Note also, however, that lots of violent acts, if not most of them, are irrational, whether drug-induced, cultural or hormonal. Remember at the end of the day, we’re all mammals. If we're more likely to be rational, however, we're less likely to be violent.
We know that the miracle of information technology makes our lives better, it educates us and presumably makes us more rational. So the advent of today’s technology and all the good things that flow from it have got to be a factor in the decline in violence, no matter what the Waldorf School says.
But information technology can work for or against the betterment of mankind, and for or against violence. It’s easy to find examples of how technology can damage mankind, seriously, not only by weapons but also by instruments and processes that spread hate and incite violence.
On balance, technology probably helps us more than hurts us. Don’t you think the tool of technology helps most people and societies lead a better life, be more rational and engage in conduct that is less rather than more violent?

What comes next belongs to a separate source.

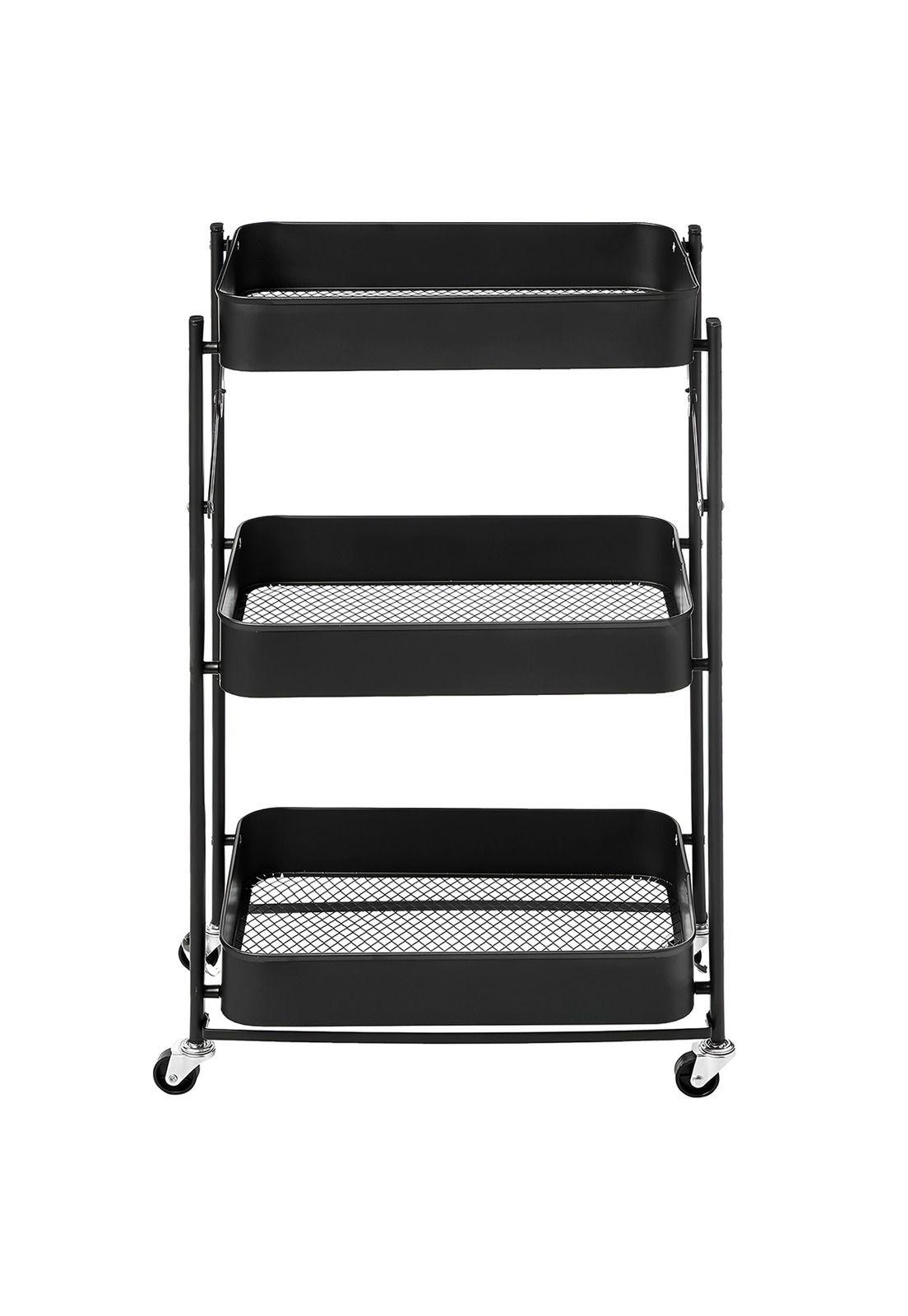 Mueble Organizador Plegable DecoTeam 3 Estantes con Ruedas-2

There is the old bugaboo that seeing violence on the screen makes us want to emulate it. But perhaps it’s the other way around – perhaps seeing violence shows us that it is undesirable and discourages us from violent inclinations. We don’t know for sure, yet.
Assuming violent images are presented in a way to help people get violence out of their systems rather than engage in it, perhaps we can say that violence on the media actually supports the proposition that violence is declining.
For the moment, I would agree with Pinker, but I would add that this phenomenon is not static. While violence may be declining today, it could pop up again later with a vengeance, as it has so many times in the past. After all, we’re still mammals, and carnivorous.
We could find that technology goes to a new tipping point and engenders new levels of violence, even more atrocious than before. If that happens, is it the fault of technology or those who use technology? Should we see ourselves and mad inventors or as victims?
All things considered, it seems to me that technology is mostly an instrument of peace and that is most likely to improve QOL for all of us. This all assumes that mankind is basically rational and can avoid slipping bank into old more violent habits. No guaranty on that, of course.
Alexander Stille wrote in Sunday’s Times that more minority groups in this country are now accepted and can play the game. At the same time, he said social mobility is declining, as reflected perhaps in the recent Wall Street protests. What does this mean, and how is it related to the decline of violence?
These days, we have access and mobility to power and wealth that promise success. This takes the edge off social and political disappointment, even if we haven’t actually made it yet. But if things get bogged down, and they could, we won’t feel that gemutlichkeit anymore. Would violence rise?
It’s a moving target, and we happen to be at a low point of the curve right now. But as our world changes, as it must, we’re affected by new endogenous and exogenous influences, and we may find that we’re on the way back to where we were or worse.
Enjoy it while ye may, since with the current recession and credit and banking crises, gemutlichkeit cannot be taken for granted. Don’t assume that the government or technology will be able to keep a lid on things, and don’t be too surprised when QOL drops, and with it personal security.
Want some advice, well here it is: care about the efficiency of government; care about the financial health of government and the economy; and vote with those concerns in mind. A healthy society is a non-violent one. If we ignore these things, we’ll get what we deserve for failing to be good citizens, and we’ll be battling old demons in the state of nature.